[Recorded data — start]

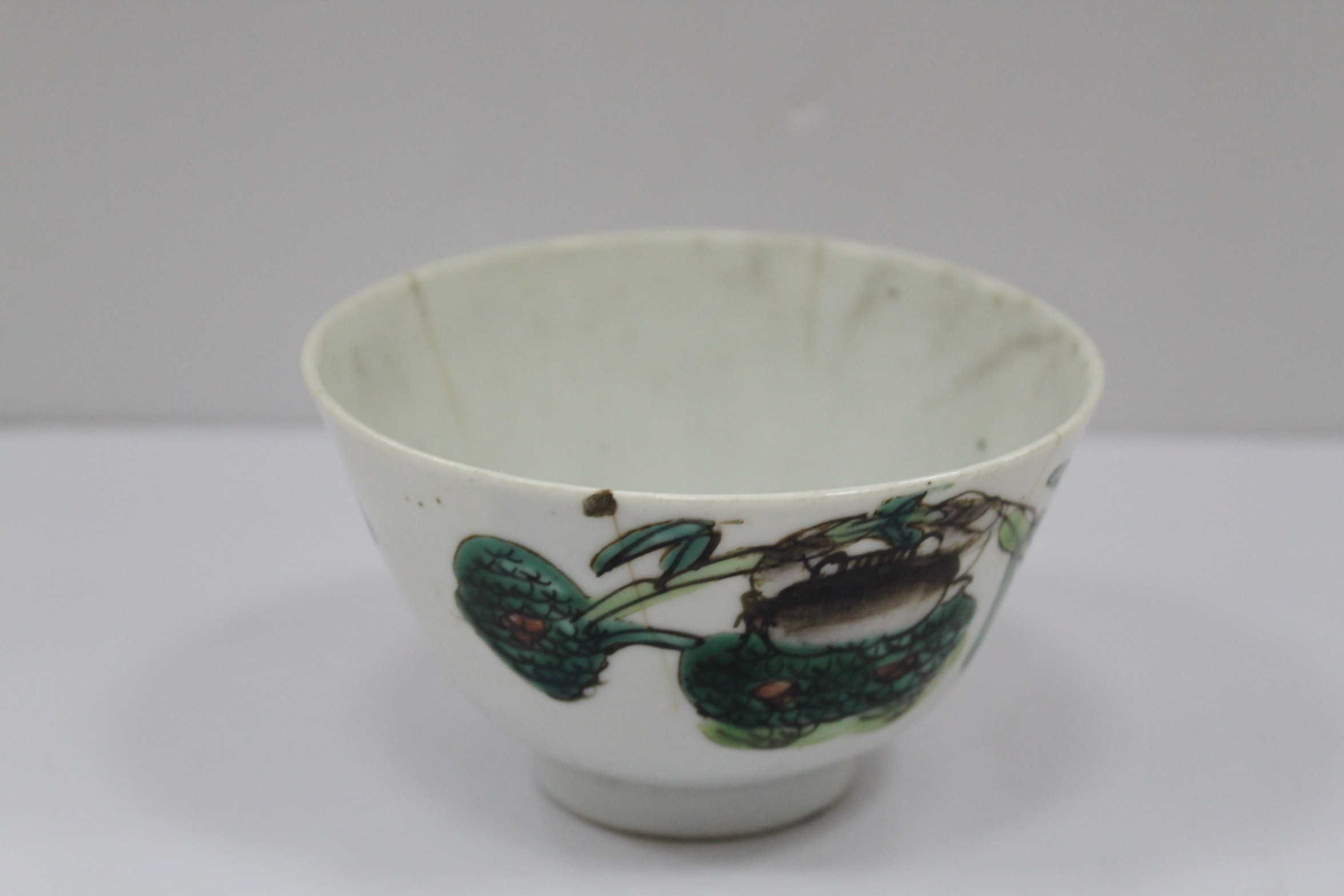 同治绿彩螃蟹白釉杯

[Recorded data — finish]
[Recorded data — start]

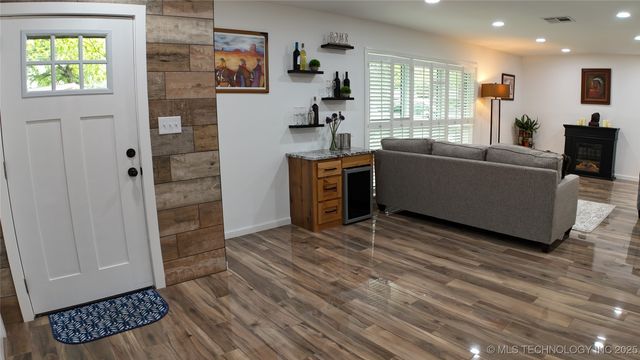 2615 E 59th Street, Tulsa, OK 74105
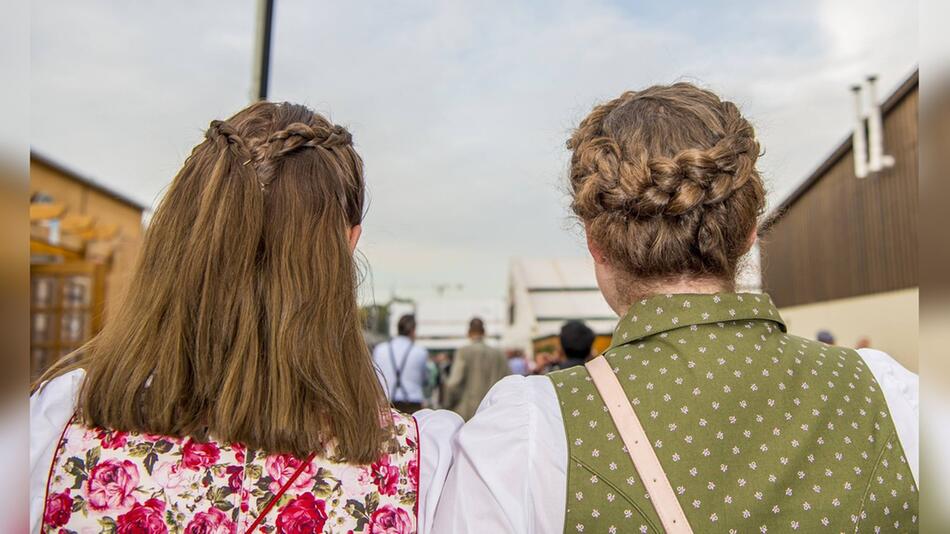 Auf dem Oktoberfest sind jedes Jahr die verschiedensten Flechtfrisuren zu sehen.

[Recorded data — finish]
[Recorded data — start]

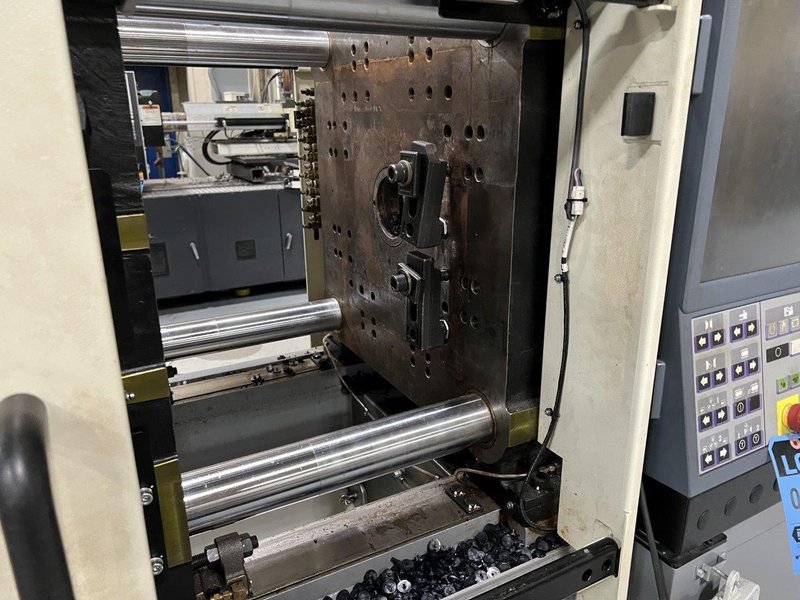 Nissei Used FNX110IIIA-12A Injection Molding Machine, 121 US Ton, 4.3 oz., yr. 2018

[Recorded data — finish]

**Instructions for the task**
Range to copy from the listing above: the line with "2615 E 59th Street, Tulsa, OK 74105" through the line with "Auf dem Oktoberfest". Transcribe it exactly and skip the pictures.

**Exercise response**
 2615 E 59th Street, Tulsa, OK 74105
 Auf dem Oktoberfest sind jedes Jahr die verschiedensten Flechtfrisuren zu sehen.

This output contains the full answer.